I shake off the feeling and push open Hana’s door. She’s sitting at her computer, feet propped up on her desk, bobbing her head and tapping out a rhythm on her thighs. As soon as she sees me she swings forward and hits a key on her keyboard. The music cuts off instantly. Strangely, the silence that follows seems just as loud.
She flips her hair over one shoulder and scoots away from the desk. Something flickers over her face, an expression that passes too quickly for me to identify it. “Hi,” she chirrups, a little too cheerfully. “Didn’t hear you come in.”
“I doubt you would have heard me break in.” I go over to her bed and collapse on top of it. Hana has a queen-size bed, with three down pillows. It’s like heaven. “What was that?”
“What was what?” She lifts her knees to her chest and swivels a full circle in her chair. I sit up on my elbows and watch her. Hana only acts this dumb when she’s hiding something.
“The music.” She still stares at me blankly. “The song you were blasting when I came in. The one that almost burst my eardrums.”

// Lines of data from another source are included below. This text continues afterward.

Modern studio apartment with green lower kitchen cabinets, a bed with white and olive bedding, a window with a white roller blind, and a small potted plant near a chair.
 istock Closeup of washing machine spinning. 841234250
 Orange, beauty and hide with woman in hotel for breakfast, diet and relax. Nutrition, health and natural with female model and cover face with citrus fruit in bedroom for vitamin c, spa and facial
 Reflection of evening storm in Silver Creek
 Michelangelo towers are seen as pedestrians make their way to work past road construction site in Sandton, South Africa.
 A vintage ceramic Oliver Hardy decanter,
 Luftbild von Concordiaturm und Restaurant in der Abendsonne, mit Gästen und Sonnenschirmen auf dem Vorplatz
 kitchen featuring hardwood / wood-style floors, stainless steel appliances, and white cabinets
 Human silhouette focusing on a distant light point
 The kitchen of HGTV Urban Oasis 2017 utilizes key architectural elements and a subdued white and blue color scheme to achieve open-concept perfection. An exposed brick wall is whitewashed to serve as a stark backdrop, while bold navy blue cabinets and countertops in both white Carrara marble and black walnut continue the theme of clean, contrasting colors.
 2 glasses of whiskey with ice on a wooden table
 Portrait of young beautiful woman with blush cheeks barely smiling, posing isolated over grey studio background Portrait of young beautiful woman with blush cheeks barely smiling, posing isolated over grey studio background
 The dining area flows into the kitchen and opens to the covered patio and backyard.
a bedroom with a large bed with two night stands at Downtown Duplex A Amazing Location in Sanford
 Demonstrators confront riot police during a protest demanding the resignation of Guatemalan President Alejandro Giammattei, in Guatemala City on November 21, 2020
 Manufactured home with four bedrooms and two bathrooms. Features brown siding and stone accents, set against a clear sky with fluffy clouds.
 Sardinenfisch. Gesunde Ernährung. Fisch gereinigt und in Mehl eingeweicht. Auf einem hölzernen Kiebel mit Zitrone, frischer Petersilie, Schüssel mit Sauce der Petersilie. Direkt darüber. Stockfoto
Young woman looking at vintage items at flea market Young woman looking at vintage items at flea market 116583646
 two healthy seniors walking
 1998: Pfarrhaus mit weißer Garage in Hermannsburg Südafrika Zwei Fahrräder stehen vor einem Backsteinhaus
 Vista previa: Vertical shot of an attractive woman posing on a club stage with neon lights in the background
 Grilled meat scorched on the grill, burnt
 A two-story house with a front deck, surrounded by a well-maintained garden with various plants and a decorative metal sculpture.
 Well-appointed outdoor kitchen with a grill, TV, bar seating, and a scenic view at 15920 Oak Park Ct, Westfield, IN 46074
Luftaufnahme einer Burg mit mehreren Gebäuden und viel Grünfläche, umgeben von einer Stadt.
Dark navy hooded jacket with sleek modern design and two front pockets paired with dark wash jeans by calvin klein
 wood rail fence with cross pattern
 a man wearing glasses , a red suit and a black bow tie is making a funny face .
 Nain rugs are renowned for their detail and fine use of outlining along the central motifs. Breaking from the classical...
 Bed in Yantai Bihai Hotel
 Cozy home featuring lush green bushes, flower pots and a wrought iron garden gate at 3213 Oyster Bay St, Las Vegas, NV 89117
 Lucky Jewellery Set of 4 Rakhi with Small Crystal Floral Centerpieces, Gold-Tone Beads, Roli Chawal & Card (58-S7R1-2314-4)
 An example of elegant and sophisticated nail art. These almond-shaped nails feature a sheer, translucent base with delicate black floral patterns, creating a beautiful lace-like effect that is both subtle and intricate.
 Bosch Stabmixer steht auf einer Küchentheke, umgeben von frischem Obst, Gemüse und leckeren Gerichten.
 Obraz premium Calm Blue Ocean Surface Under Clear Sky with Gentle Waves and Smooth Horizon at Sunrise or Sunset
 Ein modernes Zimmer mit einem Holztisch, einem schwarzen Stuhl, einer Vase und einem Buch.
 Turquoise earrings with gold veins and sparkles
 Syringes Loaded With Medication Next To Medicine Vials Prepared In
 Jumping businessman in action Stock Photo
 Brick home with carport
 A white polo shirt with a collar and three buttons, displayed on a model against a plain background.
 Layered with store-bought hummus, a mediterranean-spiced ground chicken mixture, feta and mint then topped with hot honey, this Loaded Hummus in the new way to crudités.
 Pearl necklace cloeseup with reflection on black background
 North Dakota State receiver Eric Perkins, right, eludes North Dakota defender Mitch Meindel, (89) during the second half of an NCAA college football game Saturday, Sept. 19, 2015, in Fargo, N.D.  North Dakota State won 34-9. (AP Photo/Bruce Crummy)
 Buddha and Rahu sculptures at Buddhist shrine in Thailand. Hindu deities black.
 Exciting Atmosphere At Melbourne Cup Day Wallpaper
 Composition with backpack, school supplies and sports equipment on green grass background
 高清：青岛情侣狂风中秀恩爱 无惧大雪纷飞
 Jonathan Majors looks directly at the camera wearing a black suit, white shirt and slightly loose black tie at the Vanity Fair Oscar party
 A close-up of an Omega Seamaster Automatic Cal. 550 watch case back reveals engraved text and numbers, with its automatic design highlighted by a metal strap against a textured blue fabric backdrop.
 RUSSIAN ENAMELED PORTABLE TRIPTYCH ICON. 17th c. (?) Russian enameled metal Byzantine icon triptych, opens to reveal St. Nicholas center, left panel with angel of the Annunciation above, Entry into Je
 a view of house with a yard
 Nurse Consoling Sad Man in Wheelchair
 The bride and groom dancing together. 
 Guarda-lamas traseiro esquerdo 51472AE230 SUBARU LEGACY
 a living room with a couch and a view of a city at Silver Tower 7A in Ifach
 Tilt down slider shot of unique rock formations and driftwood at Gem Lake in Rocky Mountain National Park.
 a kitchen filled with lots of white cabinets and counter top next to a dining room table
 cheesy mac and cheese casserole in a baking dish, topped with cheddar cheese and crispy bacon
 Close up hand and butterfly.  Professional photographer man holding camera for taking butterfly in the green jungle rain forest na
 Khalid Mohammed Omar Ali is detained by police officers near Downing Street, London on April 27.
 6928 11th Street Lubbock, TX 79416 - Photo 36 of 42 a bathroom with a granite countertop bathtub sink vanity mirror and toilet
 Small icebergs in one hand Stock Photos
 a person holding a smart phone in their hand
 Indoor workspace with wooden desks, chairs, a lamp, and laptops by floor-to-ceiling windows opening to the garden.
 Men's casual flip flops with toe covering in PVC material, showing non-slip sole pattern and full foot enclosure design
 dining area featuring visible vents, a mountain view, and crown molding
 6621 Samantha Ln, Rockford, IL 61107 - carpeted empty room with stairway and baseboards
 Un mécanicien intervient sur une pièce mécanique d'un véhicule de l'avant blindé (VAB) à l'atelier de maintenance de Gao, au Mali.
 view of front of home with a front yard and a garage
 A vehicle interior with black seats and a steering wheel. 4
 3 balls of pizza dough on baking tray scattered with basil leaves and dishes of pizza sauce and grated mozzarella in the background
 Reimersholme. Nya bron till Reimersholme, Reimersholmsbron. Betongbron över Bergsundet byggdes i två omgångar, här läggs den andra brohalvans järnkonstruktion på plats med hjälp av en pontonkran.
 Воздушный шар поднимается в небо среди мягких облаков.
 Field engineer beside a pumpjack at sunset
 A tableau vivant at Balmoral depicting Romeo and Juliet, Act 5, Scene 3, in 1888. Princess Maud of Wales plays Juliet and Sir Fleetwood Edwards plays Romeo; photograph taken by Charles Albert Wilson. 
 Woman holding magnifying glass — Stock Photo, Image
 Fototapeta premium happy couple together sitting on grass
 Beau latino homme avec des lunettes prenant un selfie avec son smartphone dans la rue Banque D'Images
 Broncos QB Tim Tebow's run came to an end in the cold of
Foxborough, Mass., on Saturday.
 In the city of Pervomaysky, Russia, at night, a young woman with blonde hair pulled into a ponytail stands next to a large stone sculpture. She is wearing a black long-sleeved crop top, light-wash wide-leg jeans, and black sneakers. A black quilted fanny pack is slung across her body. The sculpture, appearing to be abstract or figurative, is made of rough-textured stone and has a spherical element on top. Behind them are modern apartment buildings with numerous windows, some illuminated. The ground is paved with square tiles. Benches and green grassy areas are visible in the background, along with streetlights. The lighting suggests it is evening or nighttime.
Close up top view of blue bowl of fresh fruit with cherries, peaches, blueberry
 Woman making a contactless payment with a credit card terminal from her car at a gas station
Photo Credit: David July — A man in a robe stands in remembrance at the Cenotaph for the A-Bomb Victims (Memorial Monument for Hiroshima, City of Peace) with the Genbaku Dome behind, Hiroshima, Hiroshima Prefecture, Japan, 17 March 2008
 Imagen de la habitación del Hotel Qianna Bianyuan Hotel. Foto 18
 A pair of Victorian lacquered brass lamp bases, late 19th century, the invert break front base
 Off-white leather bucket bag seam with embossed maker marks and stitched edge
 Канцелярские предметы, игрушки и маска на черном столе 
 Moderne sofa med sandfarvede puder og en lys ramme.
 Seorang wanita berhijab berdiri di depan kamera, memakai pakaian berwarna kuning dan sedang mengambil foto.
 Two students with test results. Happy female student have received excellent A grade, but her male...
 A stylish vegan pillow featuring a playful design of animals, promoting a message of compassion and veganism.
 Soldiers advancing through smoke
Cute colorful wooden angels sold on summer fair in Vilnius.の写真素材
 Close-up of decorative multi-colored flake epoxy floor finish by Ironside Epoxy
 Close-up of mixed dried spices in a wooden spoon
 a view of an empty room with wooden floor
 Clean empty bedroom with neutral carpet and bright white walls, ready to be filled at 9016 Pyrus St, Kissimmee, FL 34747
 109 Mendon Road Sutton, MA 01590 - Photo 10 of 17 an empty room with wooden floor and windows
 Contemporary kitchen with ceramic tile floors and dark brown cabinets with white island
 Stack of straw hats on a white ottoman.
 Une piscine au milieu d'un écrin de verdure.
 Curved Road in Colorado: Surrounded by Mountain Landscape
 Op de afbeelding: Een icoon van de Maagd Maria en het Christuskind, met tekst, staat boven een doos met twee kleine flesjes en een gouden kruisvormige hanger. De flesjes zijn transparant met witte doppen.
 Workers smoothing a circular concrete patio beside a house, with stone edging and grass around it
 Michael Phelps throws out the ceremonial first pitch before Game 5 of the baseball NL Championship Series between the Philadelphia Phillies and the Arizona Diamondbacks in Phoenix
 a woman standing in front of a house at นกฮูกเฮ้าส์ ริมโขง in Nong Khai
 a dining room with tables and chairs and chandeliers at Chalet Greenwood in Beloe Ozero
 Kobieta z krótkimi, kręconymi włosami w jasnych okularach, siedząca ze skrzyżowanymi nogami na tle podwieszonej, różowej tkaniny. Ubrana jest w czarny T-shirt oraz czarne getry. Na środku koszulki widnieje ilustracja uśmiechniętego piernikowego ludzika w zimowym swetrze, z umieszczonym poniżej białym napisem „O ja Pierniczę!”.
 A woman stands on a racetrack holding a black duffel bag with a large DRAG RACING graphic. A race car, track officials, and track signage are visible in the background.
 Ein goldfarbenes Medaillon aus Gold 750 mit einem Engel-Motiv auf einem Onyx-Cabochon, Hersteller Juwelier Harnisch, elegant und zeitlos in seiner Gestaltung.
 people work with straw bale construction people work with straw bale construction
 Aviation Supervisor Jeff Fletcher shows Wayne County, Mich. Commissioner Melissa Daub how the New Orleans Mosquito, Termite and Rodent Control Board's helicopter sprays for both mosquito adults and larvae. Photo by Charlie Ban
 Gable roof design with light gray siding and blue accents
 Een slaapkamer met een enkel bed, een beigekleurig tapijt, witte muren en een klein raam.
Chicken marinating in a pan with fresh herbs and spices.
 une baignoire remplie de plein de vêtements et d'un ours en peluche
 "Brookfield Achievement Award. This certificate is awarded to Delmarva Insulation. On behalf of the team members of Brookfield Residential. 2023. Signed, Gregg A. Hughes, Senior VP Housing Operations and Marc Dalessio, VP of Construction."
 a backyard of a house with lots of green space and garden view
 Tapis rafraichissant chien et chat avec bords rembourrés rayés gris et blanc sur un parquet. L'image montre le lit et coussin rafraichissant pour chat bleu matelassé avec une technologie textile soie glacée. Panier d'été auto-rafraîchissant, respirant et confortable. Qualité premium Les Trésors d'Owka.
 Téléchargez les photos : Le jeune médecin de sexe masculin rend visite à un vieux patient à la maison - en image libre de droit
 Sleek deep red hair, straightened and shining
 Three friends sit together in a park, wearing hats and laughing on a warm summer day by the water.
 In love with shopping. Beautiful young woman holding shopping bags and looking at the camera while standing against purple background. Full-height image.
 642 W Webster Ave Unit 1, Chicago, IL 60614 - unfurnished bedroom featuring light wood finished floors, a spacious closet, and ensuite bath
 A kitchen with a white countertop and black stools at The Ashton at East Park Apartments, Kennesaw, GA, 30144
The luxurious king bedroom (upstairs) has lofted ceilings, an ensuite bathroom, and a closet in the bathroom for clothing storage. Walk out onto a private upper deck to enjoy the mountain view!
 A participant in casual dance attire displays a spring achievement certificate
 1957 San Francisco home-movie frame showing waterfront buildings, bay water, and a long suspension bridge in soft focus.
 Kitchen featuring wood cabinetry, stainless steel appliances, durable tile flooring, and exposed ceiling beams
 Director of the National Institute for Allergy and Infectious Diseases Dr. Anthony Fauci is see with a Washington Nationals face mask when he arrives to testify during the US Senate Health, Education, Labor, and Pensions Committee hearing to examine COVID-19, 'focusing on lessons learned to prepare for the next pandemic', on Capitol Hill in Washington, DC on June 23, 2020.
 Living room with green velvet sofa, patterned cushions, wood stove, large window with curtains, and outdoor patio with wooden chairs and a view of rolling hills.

“Oh— that .” Hana blows her bangs out of her face. This is another one of her tells. Whenever she’s bluffing in poker she won’t stop fussing with her bangs. “Just some new band I found online.”
“On LAMM?” I press. Hana’s music-obsessed and used to spend hours surfing LAMM, the Library of Authorized Music and Movies, when we were in middle school.
Hana looks away. “Not exactly.”
“What do you mean, ‘not exactly’?” The intranet, like everything else in the United States, is controlled and monitored for our protection.